Exactly the same for me, but we were just watching with my class. I'll never forget my teaching just repeating "Oh my god, oh my god!"

Gort
01-28-2011, 12:27 PM
i was asleep. i had just worked the 3AM-6AM slot on my college's radio station and getting caught up on some z's. after i awoke, a friend of mine stopped by that afternoon and starting talking about it as if i must have already known about it. i didn't. he had to tell me. one of the astronauts was an alum from that school too, so it was a big deal there.

Pick Six
01-28-2011, 12:29 PM
I was a high school sophomore, and I was in the school library. They brought in a TV to watch the coverage. Those images will stay with me, forever. I had the same feeling during the Challenger disaster that I had for 9/11...:'(

Durango
01-28-2011, 12:35 PM
Sitting in a forestry class at CSU. A large class with stadium seating. A girl in front of me started crying and pretty soon the buzz in the room nearly drowned out the lecturer. Finally, a student just stood up and said the space shuttle had exploded after launch and all the crew had apparently been killed.

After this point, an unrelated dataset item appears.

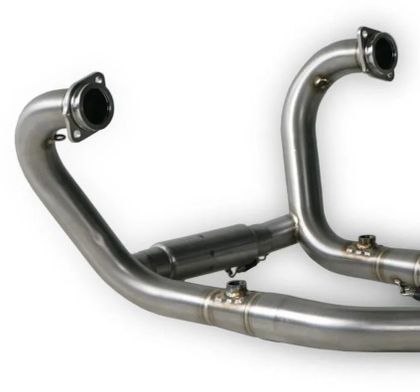Akrapovic Ersatzteil Austausch Auslasskrümmer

The professor became angry at the interruption, but he couldn't stop people from talking, so he cancelled class and stomped away from his lecture podium.

The next day, he sarcastically asked if everyone had worked through their emotions. Quite a few people became very angry at that and about half the students dropped the class, leaving about 30 people in a room that seated well over a hundred to finish the semester.

Pick Six
01-28-2011, 12:39 PM
Sitting in a forestry class at CSU. A large class with stadium seating. A girl in front of me started crying and pretty soon the buzz in the room nearly drowned out the lecturer. Finally, a student just stood up and said the space shuttle had exploded after launch and all the crew had apparently been killed.

The professor became angry at the interruption, but he couldn't stop people from talking, so he cancelled class and stomped away from his lecture podium.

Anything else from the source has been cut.